Maybe then, they wouldn’t have acted like a couple of “criminals” and broken the law.

They did more than break the law. They lied about it:

So the king of Egypt called the midwives and said to them, “Why have you done this, and let the male children live?” The midwives said to Pharaoh, “Because the Hebrew women are not like the Egyptian women, for they are vigorous and give birth before the midwife comes to them (Exodus 1:18–19).

Yet, God honored them for this act of resistance. They knew that the law was evil, and they feared God too much to obey it. As Dr. Martin Luther King, Jr. once said, “ One has a moral responsibility to disobey unjust laws.” God seems to agree with Dr. King. God rewarded those insubordinate, rebellious, deceitful, God-fearing women for their civil disobedience (Exodus 1:21–22).
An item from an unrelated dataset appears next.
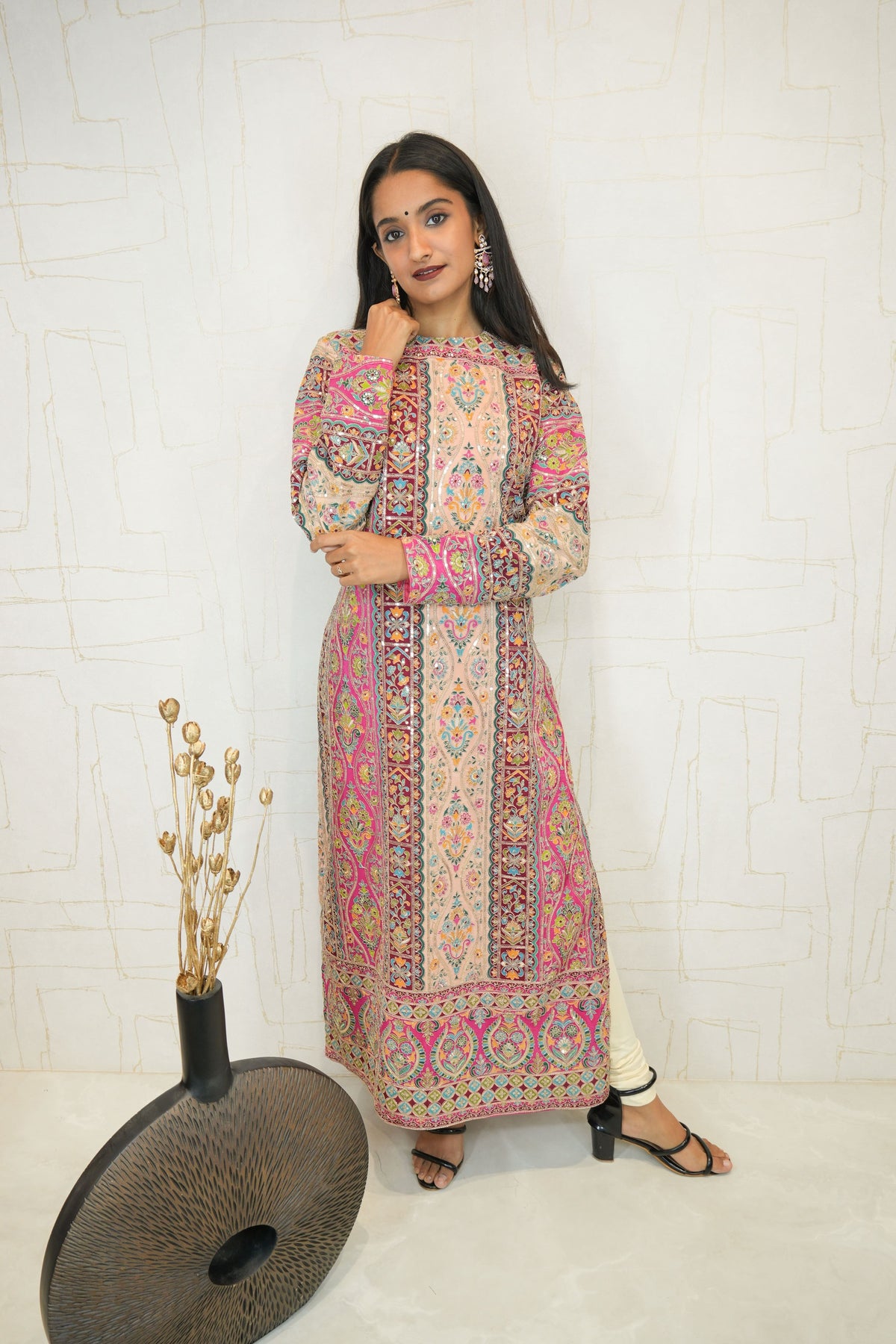 Royal Heritage Luxury Embroidered Kurti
God Blesses the Disobedient

Photo by Jonathan Bachman of Iesha L. Evans holding the line in protest against the police-involved death of Alton Sterling.

It may be a biblical idea that God may allow leaders to come to power, but it is not a biblical idea that leaders are always right. The scriptures are consistent that God opposes kings that do evil, even the ones that God likes (2 Samuel 12:1–13). Therefore, no one can justify themselves before God for participating in any kind of social evil on the basis that it was the law or that the king commanded it.
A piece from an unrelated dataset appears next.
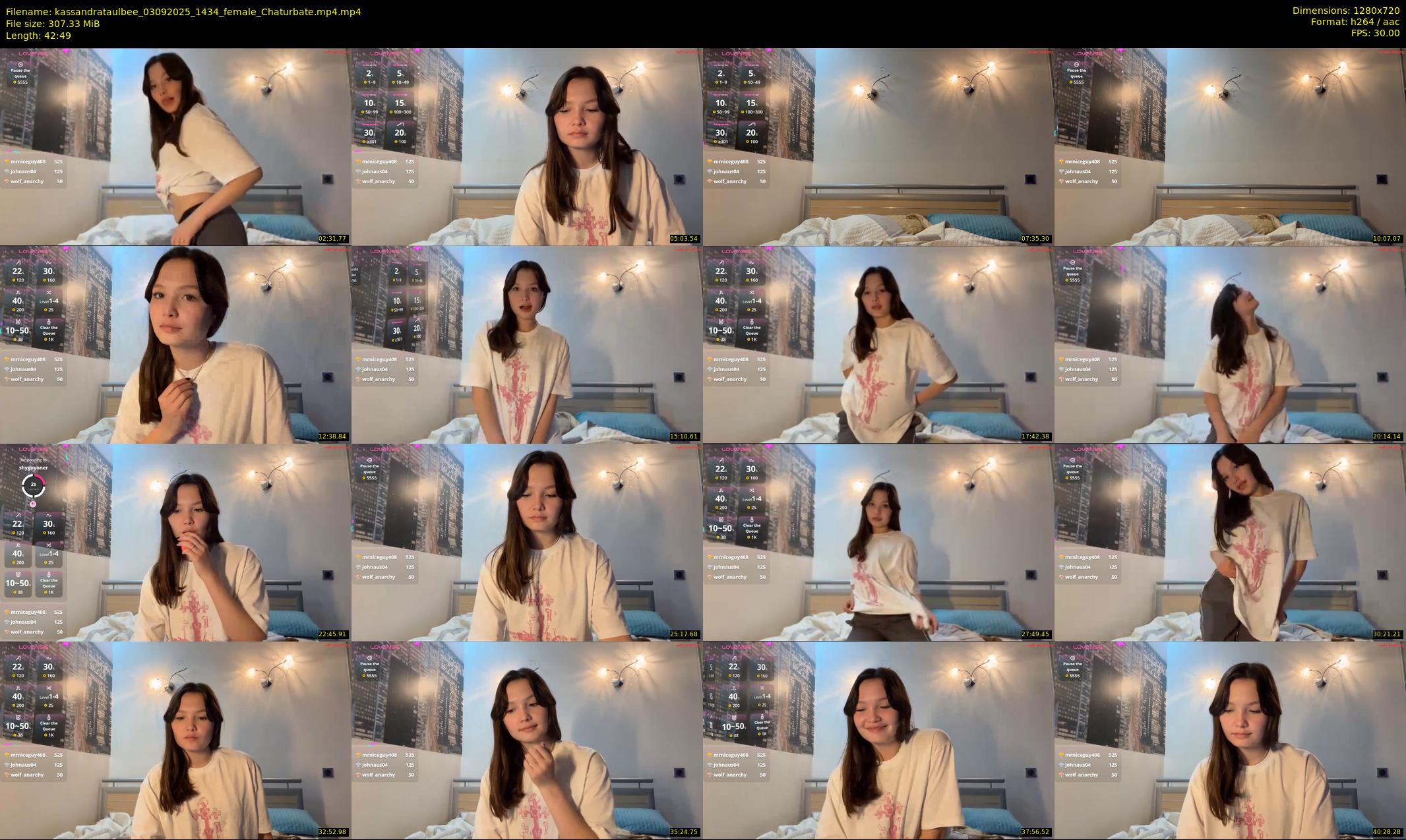 kassandrataulbee — 43 minute Chaturbate female cam show recording, 720p, Sep 3, 2025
It is precisely because God is on the throne that we must resist evil kings. This story tells us that when the powerful demand we participate in crushing the oppressed, God blesses the disobedient.

In order to do what these women did, they couldn’t subscribe to the notion that to oppose the king is to automatically oppose God. They were willing to question whether or not the law was ethical, and whether or not the king deserved to be obeyed, depending on the answer to that question — because what is legal is not necessarily always ethical, and what is illegal is not necessarily always immoral.

They could not be committed to naivete about the structure of Egyptian society: They could not assume that an officer only stops a civilian for good reason, or that the prisons are only filled with people who deserve to be there, or that if someone died in a police encounter that they probably deserved it. They were committed enough to thinking critically about their society that they could determine that what Pharaoh was asking for unconscionable.

Fannie Lou Hamer: activist, Civil Rights Leader, and one of the key organizers during the Mississippi Freedom Summer project for voting rights.

Shiprah and Puah remind us that we cannot outsource our responsibility to discern between right and wrong to the government: such definitions are not the sole property (or prerogative!) of the state. Those that are invested in the status quo have proven that they can’t be trusted to name its challengers.

The champions of an oppressive system will always label dissenters as criminals and critics as traitors. We must never forget that a great cloud of witnesses before now were labeled in such terms: Harriet Tubman was a “criminal”, as was Rosa Parks, as was Fannie Lou Hamer, and so many other bold women and men that feared God too much to obey the laws when the laws were clearly unjust.

This text is telling us that sometimes the most righteous thing one can do is to protest, to refuse to comply, to disobey, to resist, and to protect the vulnerable by any means necessary.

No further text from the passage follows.